My cars all have the original ignition and none of them spark knock or ping. My biggest fear is damage to the heads via valve recession, which is a real problem and will happen.

If you can't tune your car to run correctly with the original ignition, changing to electronic ISN'T going to solve the problem. There is something else wrong here, and it needs to be fixed. You may simply had the points gapped incorrectly, have a loose timing chain, overheating problem, vacuum leak, carbon build up in the combustion chambers, clogged carburetor, loose rod bearings, etc.

It is true that today's gas is not suitable for our cars, but they can be adjusted to run on it without spark knocking or overheating. If you have already done the heads, then presumably you have hardened valves and valve seats, as well as lowered the compression ratio. It is possible that the original vacuum advance unit has been replaced at some point with an after market part. These are usually adjustable and need to be according to specifications.

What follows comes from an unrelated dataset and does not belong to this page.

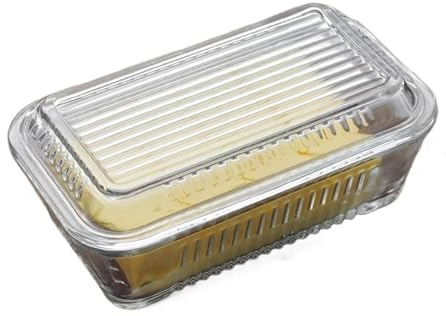 Versátil Mantequera de vidrio transparente, caja con tapa, mantequilla, queso adecuada for restaurantes, banquetes hotel Práctico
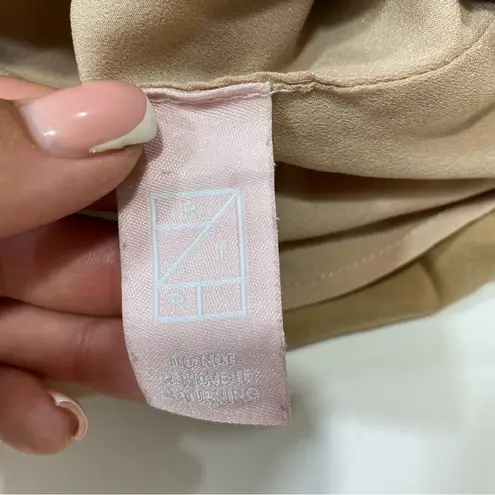 Third Form Let's Split Midi Slip Dress Tan and White Size 6 - Image 6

I'm not there, but my best guess from afar is a lean situation due to vacuum leaks. That's what I would be looking for. The more time you spend under the hood, the more you will learn and find out about the running of your automobile.

Paul W.


-----Original Message-----
From: Geoff Fors <wb6nvh@xxxxxxxx>
To: mailing-list@xxxxxxxxxxxxxxxx
Sent: Tue, 9 Oct 2007 6:22 pm
Subject: IML: Electronic Ignition



One of the reasons I was thinking about converting to electronic ignition on
my '67 is that the Mopar Direct-Connection style electronic ignition
conversion kit has an adjustable vacuum advance. I have a terrible time
with pre-detonation (pinging) even with supreme brand gasoline and retarding the timing isn't a very satisfactory solution, particularly considering how far it has to be retarded. I have tentatively determined that the pinging is caused by the vacuum advance curve being too aggressive for today's fuel.

I have already converted the heads to unleaded and don't want to replace
pistons and head gaskets in a project to lower the compression, so I am
looking at distributor advance solutions.

What have others done regarding the predetonation issue?